The Deposition Technology We had previously broken the technology for optical applications into three categories:
The discussion begins with the material selection and the characterization of deposited layers. The intended application of the coating will contain the specification of the transmission or reflection wavelength range, the mechanical and durability values and their evaluation as defined by US MIL Standards or ISO international standards, and perhaps laser damage threshold testing. The spectral transmission range is determined by the absorptions of the individual coated layers. The extinction coefficient, k, must generally be <0.001, but exceptions to this rule-of-thumb-guide exist for low and high-power applications where k can be > or < 0.001, respectively. Titanium dioxide is a commonly used material for wide-band AR and some filter coatings for the visible region because is has a high refractive index and can be sputter- or e-beam deposited. However, TiO2 exhibits sufficiently high band-gap absorption below ~475 nm that significant losses in transparency affect its performance, especially in multi-layer designs. Titania also exhibits water-band absorption near and above 900 nm, making it unusable for WDM and other high layer count filters and laser coatings. Alternatively Ta2O5 does not suffer from these problems and is the recommended substitute for more demanding coatings that operate in the range ~400 nm to ~2000 nm. Narrow-bandpass Vis-NIR filters and WDM filters in the 1550 nm region are composed of tantala and silica layers, the latter typically numbering >50 pairs. Silica is the low-index mate for multi-layer designs, as we see below.
Nearly all multi-layer coating designs will be optimum in terms of layer count and optical performance when the maximum index ratio between high- and low-index materials is used. More high-index materials are available than low-index, and the choices for the visible range are restricted to silicon dioxide (n = 1.45) and magnesium fluoride (n = 1.36) as the most commonly used stable compounds. Environmental instability, particularly abrasive wear resistance and water vapor interaction, limit the usefulness of other candidate low-index compounds, even in some cases fluoride compound layers.
Physical and Chemical Durability Among factors that limit the mechanical and chemical durability of thin film materials are the layer packing density and morphology.
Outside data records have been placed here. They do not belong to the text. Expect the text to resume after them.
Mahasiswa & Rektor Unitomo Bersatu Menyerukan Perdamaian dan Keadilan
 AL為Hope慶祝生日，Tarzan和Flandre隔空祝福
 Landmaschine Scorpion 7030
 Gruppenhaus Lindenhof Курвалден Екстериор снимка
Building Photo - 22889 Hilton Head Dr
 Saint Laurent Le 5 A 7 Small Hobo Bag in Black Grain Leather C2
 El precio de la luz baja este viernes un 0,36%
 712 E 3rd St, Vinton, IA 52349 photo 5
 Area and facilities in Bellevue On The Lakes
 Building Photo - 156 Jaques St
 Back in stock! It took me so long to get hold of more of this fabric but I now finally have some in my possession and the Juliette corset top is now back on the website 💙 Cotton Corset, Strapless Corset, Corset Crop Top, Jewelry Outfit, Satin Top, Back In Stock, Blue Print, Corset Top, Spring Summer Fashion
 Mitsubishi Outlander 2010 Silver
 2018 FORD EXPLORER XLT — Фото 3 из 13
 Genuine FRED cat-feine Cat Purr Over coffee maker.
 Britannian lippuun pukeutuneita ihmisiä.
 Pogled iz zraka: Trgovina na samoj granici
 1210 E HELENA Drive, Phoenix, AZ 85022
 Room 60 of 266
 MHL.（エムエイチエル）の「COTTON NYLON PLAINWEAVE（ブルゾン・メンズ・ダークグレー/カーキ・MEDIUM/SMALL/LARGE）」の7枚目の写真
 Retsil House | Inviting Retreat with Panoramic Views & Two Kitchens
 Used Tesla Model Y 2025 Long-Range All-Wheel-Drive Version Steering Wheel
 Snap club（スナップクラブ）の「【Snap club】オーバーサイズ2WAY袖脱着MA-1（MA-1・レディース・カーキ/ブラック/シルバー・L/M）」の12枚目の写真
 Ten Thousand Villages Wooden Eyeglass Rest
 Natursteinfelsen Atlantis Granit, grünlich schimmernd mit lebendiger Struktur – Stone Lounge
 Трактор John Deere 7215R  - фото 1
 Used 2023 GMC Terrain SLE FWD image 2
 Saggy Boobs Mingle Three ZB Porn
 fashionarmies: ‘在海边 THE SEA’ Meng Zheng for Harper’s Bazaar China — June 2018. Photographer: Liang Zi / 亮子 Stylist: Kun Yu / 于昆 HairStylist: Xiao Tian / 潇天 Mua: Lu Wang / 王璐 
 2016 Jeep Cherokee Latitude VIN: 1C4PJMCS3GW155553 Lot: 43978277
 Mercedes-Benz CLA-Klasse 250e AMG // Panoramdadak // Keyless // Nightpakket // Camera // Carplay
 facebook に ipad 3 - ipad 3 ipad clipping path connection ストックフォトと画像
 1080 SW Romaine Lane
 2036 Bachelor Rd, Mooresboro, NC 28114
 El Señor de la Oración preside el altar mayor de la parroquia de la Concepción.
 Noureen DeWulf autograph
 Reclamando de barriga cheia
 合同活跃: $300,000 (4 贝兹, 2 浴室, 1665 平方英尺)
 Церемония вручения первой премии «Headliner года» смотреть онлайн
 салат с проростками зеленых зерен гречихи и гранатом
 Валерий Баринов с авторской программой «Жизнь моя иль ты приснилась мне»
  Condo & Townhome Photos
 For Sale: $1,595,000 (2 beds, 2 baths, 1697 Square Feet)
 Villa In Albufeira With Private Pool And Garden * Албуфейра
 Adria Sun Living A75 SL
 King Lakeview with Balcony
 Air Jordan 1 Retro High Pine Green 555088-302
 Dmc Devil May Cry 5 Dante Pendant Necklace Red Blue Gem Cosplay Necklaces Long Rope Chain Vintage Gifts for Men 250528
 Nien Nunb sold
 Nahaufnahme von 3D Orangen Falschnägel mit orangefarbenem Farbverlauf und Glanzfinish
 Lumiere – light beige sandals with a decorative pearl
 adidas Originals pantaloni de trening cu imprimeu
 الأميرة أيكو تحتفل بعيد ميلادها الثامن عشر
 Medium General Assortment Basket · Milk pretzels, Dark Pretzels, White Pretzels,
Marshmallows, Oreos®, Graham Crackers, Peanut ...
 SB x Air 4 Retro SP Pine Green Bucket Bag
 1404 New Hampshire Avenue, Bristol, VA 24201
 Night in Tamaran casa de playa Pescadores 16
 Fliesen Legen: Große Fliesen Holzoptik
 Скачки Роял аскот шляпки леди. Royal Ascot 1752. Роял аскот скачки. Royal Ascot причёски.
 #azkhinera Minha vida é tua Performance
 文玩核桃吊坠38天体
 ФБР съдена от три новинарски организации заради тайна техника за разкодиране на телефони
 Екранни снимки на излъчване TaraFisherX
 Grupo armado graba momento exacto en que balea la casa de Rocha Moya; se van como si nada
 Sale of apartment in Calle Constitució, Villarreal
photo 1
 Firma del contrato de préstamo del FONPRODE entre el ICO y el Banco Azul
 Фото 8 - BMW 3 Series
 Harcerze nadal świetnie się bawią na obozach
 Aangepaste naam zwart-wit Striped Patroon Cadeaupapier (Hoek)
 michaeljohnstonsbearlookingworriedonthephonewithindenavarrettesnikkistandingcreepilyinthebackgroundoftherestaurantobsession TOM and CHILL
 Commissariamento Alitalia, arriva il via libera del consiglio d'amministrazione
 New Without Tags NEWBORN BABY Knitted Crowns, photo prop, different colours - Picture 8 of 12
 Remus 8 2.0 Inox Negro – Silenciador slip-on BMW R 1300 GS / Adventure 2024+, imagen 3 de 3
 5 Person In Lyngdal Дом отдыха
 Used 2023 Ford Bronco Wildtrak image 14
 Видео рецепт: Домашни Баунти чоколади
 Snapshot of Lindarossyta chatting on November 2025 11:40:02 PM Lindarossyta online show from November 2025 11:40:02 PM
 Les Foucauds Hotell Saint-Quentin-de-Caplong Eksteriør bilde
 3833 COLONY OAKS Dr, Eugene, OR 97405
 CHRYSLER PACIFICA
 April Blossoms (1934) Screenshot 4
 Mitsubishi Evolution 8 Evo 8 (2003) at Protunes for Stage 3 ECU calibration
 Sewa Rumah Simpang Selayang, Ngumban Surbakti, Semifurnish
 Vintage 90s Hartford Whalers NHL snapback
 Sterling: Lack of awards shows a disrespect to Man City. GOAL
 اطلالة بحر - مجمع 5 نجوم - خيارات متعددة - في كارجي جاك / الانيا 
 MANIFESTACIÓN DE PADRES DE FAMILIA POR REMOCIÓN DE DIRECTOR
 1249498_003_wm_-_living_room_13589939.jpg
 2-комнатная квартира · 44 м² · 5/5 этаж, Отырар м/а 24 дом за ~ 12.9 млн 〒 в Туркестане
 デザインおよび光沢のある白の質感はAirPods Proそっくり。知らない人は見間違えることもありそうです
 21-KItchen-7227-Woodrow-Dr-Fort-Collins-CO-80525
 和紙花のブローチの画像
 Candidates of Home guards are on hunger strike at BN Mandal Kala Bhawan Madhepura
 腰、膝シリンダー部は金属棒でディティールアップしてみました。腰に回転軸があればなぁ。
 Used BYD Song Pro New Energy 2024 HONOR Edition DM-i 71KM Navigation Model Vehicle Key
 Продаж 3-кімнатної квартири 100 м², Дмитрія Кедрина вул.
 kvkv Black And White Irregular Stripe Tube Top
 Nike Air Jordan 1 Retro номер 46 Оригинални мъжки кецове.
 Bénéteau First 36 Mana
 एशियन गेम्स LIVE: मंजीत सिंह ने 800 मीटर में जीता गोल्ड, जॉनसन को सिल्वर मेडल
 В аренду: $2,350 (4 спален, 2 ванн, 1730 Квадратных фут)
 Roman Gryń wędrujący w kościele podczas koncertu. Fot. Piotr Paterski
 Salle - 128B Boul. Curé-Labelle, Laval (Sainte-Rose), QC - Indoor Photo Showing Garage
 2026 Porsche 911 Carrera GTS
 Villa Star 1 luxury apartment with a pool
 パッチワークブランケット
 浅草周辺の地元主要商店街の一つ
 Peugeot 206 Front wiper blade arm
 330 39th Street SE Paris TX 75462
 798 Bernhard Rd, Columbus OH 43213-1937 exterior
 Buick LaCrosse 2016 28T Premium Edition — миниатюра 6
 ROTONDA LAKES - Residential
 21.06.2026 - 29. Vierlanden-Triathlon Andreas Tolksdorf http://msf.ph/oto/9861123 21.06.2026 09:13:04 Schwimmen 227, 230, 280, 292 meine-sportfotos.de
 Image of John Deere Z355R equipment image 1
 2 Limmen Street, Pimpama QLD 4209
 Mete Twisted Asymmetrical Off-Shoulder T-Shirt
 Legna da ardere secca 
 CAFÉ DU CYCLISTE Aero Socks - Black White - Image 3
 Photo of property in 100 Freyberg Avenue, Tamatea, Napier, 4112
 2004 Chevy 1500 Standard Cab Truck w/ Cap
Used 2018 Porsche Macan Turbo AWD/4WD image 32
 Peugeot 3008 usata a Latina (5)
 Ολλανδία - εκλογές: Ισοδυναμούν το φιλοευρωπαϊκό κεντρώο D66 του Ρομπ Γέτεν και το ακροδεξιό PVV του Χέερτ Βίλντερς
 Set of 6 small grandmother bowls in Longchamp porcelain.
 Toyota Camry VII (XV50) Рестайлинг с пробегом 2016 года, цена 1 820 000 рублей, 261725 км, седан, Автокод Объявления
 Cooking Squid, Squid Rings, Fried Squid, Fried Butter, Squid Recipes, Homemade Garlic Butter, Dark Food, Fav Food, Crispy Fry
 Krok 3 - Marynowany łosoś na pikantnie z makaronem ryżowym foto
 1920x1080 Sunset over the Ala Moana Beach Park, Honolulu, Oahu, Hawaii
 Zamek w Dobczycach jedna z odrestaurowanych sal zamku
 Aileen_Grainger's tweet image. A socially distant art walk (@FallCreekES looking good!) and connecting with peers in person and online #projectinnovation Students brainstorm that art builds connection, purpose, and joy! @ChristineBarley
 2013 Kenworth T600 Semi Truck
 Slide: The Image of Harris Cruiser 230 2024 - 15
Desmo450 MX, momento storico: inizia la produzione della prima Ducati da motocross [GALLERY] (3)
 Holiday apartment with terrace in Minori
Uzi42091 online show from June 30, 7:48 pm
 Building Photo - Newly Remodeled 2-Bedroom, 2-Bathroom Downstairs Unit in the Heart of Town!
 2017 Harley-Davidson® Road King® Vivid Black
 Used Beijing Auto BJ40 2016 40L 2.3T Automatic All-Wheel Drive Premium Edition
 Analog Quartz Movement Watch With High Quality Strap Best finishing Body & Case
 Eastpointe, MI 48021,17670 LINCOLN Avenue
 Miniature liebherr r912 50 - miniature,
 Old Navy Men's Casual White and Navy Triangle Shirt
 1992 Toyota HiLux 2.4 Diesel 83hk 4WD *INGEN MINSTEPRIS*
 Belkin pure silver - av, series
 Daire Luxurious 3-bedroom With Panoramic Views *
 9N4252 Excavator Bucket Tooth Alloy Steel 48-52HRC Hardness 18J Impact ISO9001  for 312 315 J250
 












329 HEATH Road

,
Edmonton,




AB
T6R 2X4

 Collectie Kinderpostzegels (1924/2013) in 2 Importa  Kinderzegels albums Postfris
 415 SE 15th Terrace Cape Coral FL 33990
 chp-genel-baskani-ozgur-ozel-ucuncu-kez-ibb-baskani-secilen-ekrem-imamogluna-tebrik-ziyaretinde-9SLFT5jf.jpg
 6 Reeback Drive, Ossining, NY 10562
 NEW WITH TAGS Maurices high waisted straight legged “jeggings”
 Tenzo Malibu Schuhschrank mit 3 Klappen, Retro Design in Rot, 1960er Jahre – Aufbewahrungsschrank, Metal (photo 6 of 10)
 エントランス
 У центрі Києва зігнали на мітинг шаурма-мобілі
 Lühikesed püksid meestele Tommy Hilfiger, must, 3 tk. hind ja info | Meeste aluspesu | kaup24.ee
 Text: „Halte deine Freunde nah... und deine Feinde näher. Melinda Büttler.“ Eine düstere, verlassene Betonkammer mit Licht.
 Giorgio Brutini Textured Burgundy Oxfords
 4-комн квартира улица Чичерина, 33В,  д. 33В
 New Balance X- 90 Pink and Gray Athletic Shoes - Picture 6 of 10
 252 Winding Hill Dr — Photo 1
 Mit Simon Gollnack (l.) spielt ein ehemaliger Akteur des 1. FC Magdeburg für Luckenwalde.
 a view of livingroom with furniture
These structural factors are influenced by the deposition technique. Layer composition is, of course, of high importance if the desired index and transparency are to be obtained. Oxide-compound deposition requires the presence of excess oxygen, often in activated species, to compensate for oxygen loss or to reactively compose the final desired oxidation state. Fluoride compounds require high vacuum to achieve high purity and low absorption. Thus the production of a coating design that includes oxide and non-oxide compounds without creating cross contamination requires a more complicated coating procedure. It should be apparent even from this limited discussion that all the parameters involved in growing thin film layers are interrelated, and that the development of a coating for a particular application is a complex multi-step process.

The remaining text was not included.